Are you just talking about a caliper? They sell those everywhere. Napa, auto stores, harbor freight etc. I like the digital calipers the best. Quick and easy.
 
gage for power valves

I called my dealer and got the slack measurement for the end of cable.
It will be in thousands of an inch. ( looks like its just over 1 inch or so)
what I did was get a 1/2" wooden dowel, rough cut it to length, used a hack saw blade to cut a groove down the length of the dowel so the cable would lay in it. Then ground the end of the dowel down on bench grinder until I got the Exact length of cable clearance that Arctic Cat recommends using a sliding dial indicator. It cost me nothing to make but my time. You have to unhook the cables at the servo motor to check end play in cable, its easy to do. I just keep the dowel in my tool box for future use. RickM
 
My 09 doing the same thing last weekend, 2-3 feet of new powder. 9000 feet. didnt think i was gonna make it sled rpm's started around 7800 and by the time i got the the top it was under 7000. need to figure it out
 
Montanasledder check your Rollers on the primary. Mine did that a few rides ago and I found a bad roller in my spider. Just caught it in time before it took out my weight.
 
Thank you all for the advice. sounds like i have a lot of work ahead of me. My sled has over 1400 miles on it. It has been doing this pretty much since i bought the sled though(October 2010 new). i will go through some of these checks and see if i find anything suspicious.
 
You don't want to run your track to loose, if it is to loose it just gets thrown around and looses momentum, so set it to spec.
 
Three things will primarily do that: Primary spring, primary rollers or secondary rollers. I had the same type of issue on my M1000...Rs would drop when it got hot. I put a blue/red SLP spring in primary (stiffer finish rate) and replaced the stock rollers with rock rollers in the secondary. you might go for a bit stiffer finish rate. I think a main culprit is the cruddy stock plastic rollers in that secondary. Some guys have also had luck with using the needle bearing in the secondary...cuts down on binding. Ultimate fix for RPMs all day?

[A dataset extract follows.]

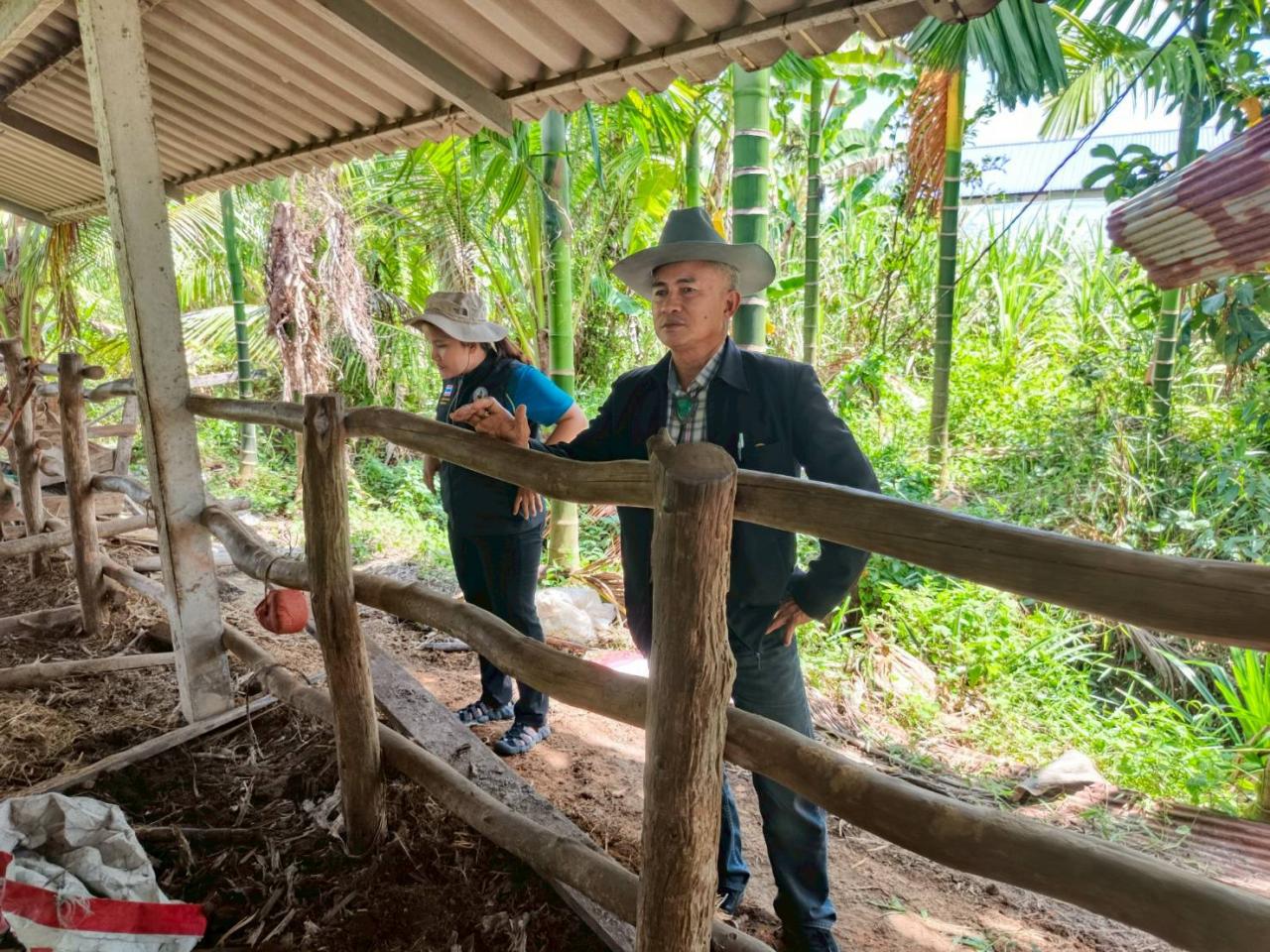 ภาพประกอบที่ 11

RKT secondary kit. Pulls Rs all day. http://www.youtube.com/watch?v=AkFZoeHTvpE
 
SLP springs are junk, unless they really changed some stuff lately, I prefer SW springs, there may be some others but slp's suck and have caused more problems then help
 
You are killing my buzz wyoboy. Have 1500 miles on the blue/red...still works great.
 
Polaris black-gray, 100-340 works great, I don't care what Wo-Boy says. He must get a com from SW.:face-icon-small-coo

That must be why I crushed a polaris black spring (100/340) in 3 rides to the point it wont shift right and I had to add a .90 shim to make it like it was new. By the way the Black is a 100/340, and I run a Black/Green 120//340 in my turbo and its already loosing its stiffness after a few rides. I have a SW spring with over 500miles and its lost very little of its spring.

So is this black grey spring a new spring or did you get told wrong. Or maybe you should just give info instead of making ASSumptions. O well, seem myself and many others do it once in a while too.